Born in 1916, Hayward’s bio said that, “Frustrated at the lack of opportunities for musicians in Bermuda and the prejudice he felt as a black, blind man, Hayward moved to New York City in 1966 where he worked with influential musicians and up to his death enjoyed a loyal following as the house pianist at the Village Corner in Greenwich Village.” In Bermuda and afterward, he regularly performed with stellar musicians like Marvin Gaye, Carmen McRae, Sarah Vaughan, Buddy Rich, and George Benson. He had a wide range of styles, straddling gospel, blues, bepop, and sometimes wending into classical. (Links here to Bye-bye Blackbird, Just a Closer Walk with Thee, and an early album of Bermuda jazz.)
While I worked in Lower Manhattan, colleagues and I occasionally went after work to the Village Corner. The only time I ever spoke to Hayward, I had been developing my own piano improvisations of three songs. (I played occasional restaurant gigs in those days.) I stopped by Hayward’s piano and asked whether he would mind playing any of the three songs. One of them was “Secret Love”—best known as a Doris Day vehicle. I don’t remember the other two songs, but I do remember that both were also kind of Doris Day-ish. Hayward nodded slightly, but I sensed that he wasn’t pleased by my choices. Not his kind of songs, I feared.
In fact, he did brilliant jazz interpretations of all three songs, one after another. I thanked him afterward and, as audibly as I could, left a tip. But I still worried that my choices had displeased him.
The next time I visited the Village Corner was perhaps six months later, and Hayward was playing again that evening. None of the employees knew me. Hayward couldn’t see me. I sat at a distant table, so my voice was not within Hayward’s earshot.
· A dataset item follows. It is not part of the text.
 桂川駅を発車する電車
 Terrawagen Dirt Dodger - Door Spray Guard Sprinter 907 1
A few drinks into my stay, Hayward began playing, “The Secret Love”—which raised my eyebrows. (“Maybe he doesn’t mind Doris Day,” I thought.) When he finished, he went straight into the other two songs I had requested on that long-ago afternoon—playing them in exactly the same order. I wondered whether he had been playing that three-song sequence for all those months or whether this was just an uncanny coincidence.
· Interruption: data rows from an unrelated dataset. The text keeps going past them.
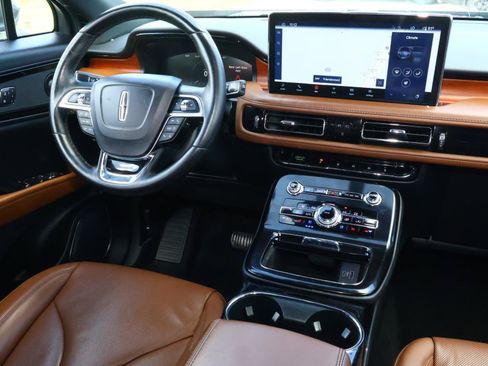 Used 2022 Lincoln Nautilus Reserve w/ Luxury Package FWD image 10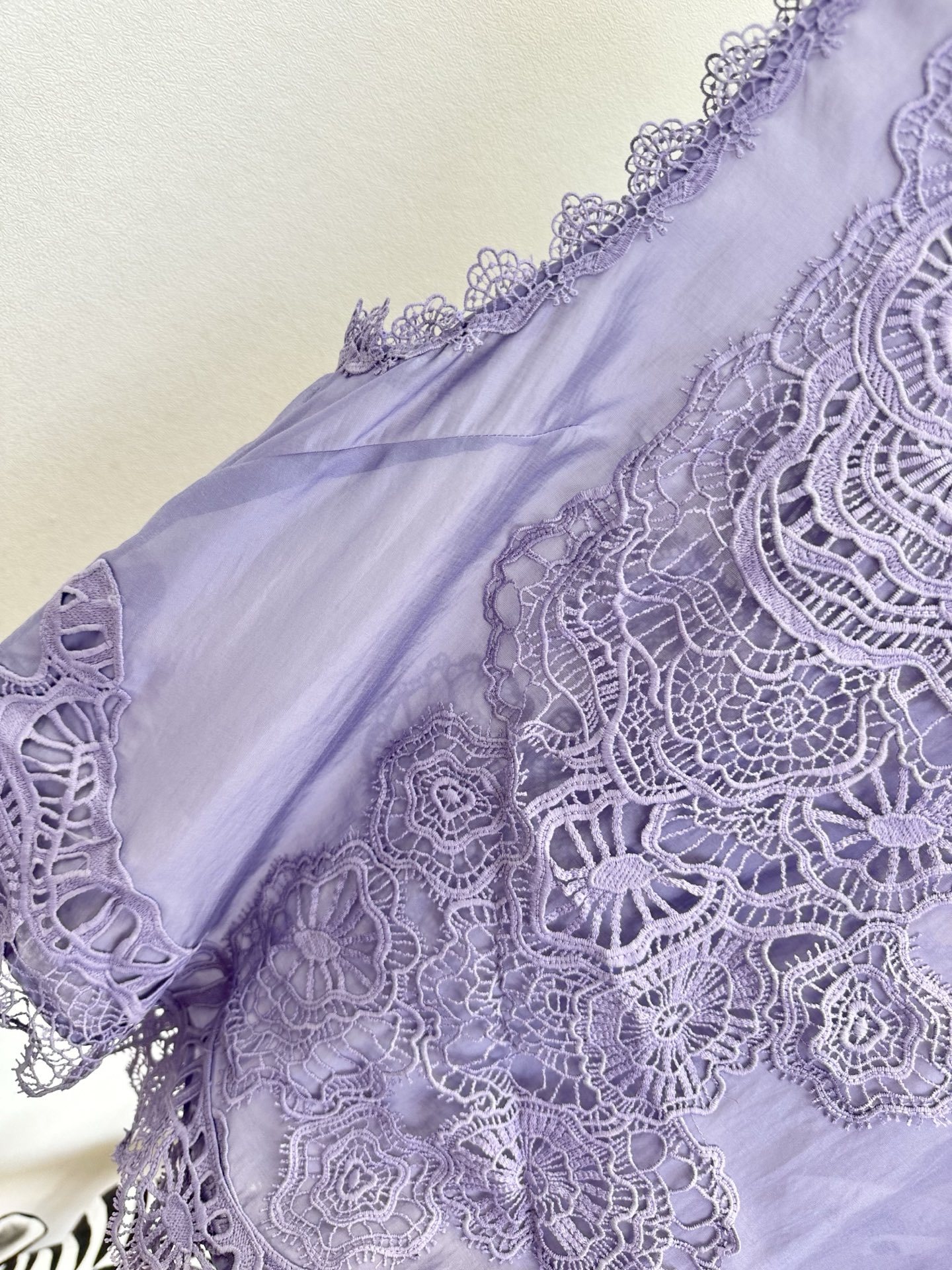 26S 这件背心真的是能一眼就爱的款 是把一整个春天的温柔都绣进了面料里。重工水溶花工艺：立体的蕾丝花纹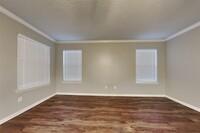 9323 Rippling Fields Dr in Houston, TX - Building Photo - Building Photo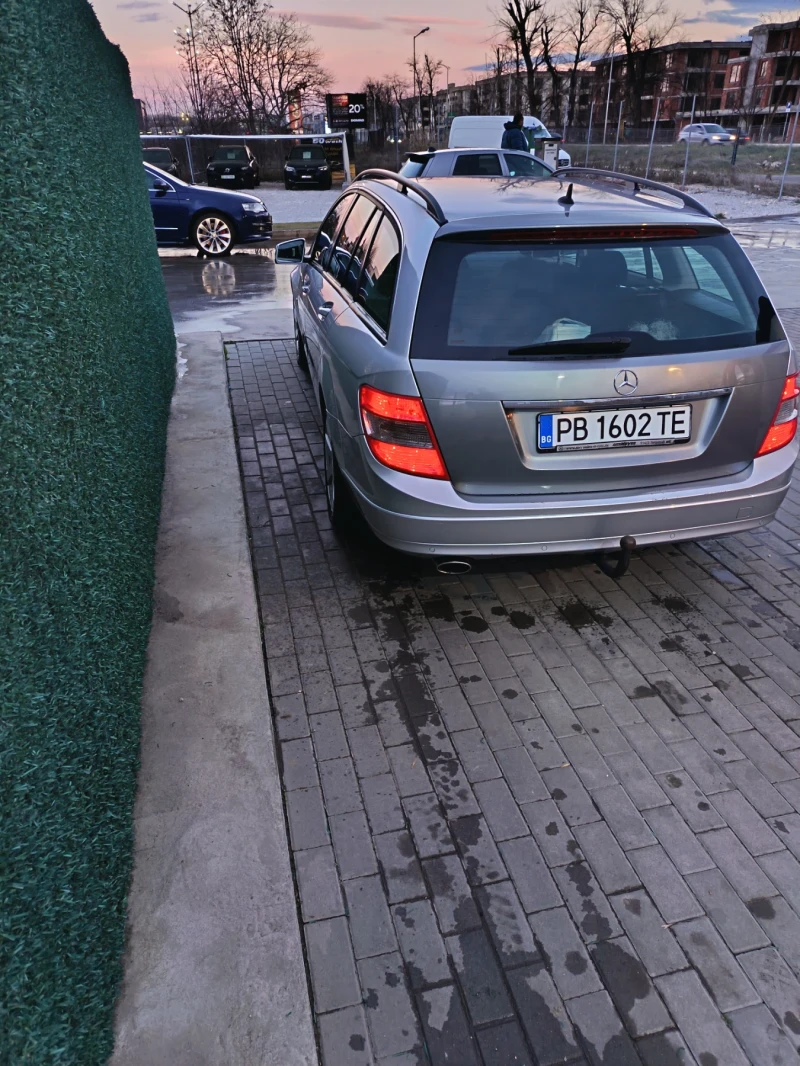 Mercedes-Benz C 220, снимка 4 - Автомобили и джипове - 53373849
Decades later, a bit of web-surfing told me of his generous spirit. In 1984, right around the time I saw him perform, Hayward, who had known rank discrimination, organized a choral group—the Lance Hayward Singers. He died in 1991, aged 75, but his singers continue performing to this day. As their website says, “Lance, who was blind from infancy, created a chorus which was a true reflection of himself—eclectic, with members ranging in age from early 20s to early 80s, white, black, Latino, Asian, sighted and non-sighted. Would that we all left such a legacy.
Lately I've been reminded again and again that it is impossible to "know" another person - you can only get a glimpse, at best.
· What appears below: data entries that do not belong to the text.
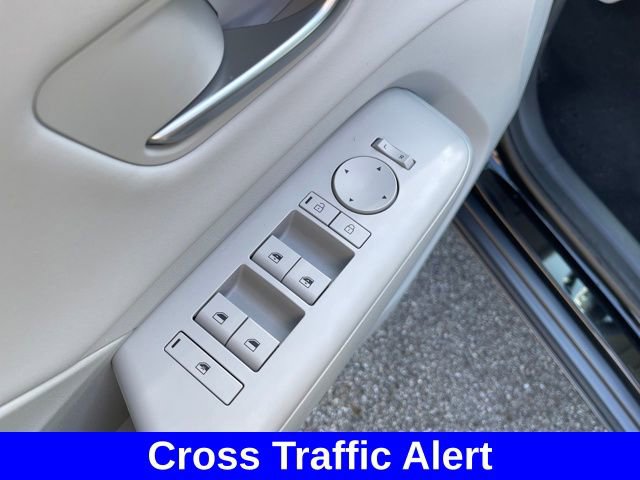 Used 2024 Hyundai Kona Limited image 11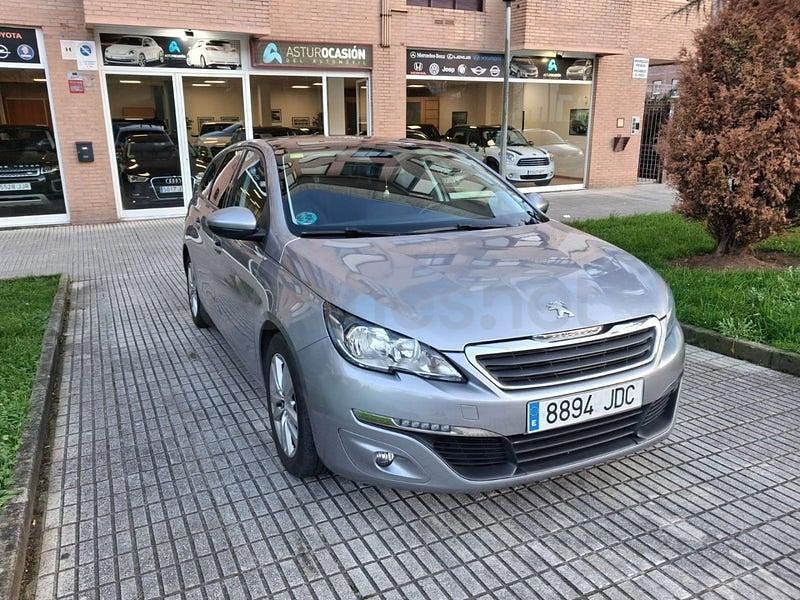 Usado Peugeot 308 SW Active 120 CV (88 kW) 2015 Gris / plata Familiar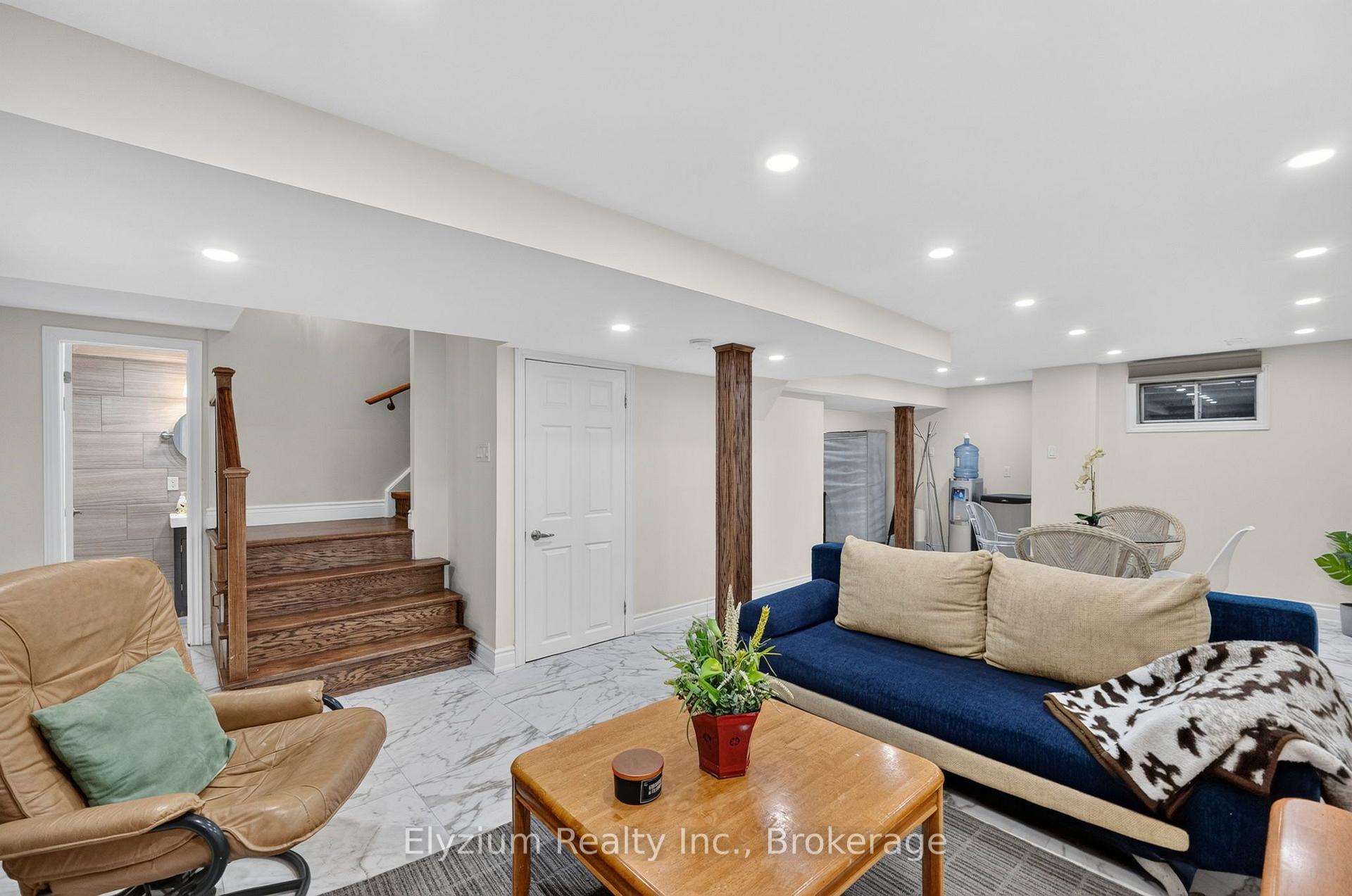 Photo 30 of 4193 Martlen Crescent, Mississauga, Erin Mills — HOMEH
Combining "Three Songs, Six Tales" and "Do Not Go Gentle" really drove that home.
It seems we live in a culture that has blessed "instant judgement" of other people, their lives, their beliefs and their actions. The cancel mob attacks on the slightest provocation, a few misplaced words, the wrong facial expression - with not even an attempt to consider context, background or culture.
I don't pretend to have a solution - but maybe, just maybe a few more stories that give us a glimpse of other lives, in other circumstances - is a good start.
Thanks for reading.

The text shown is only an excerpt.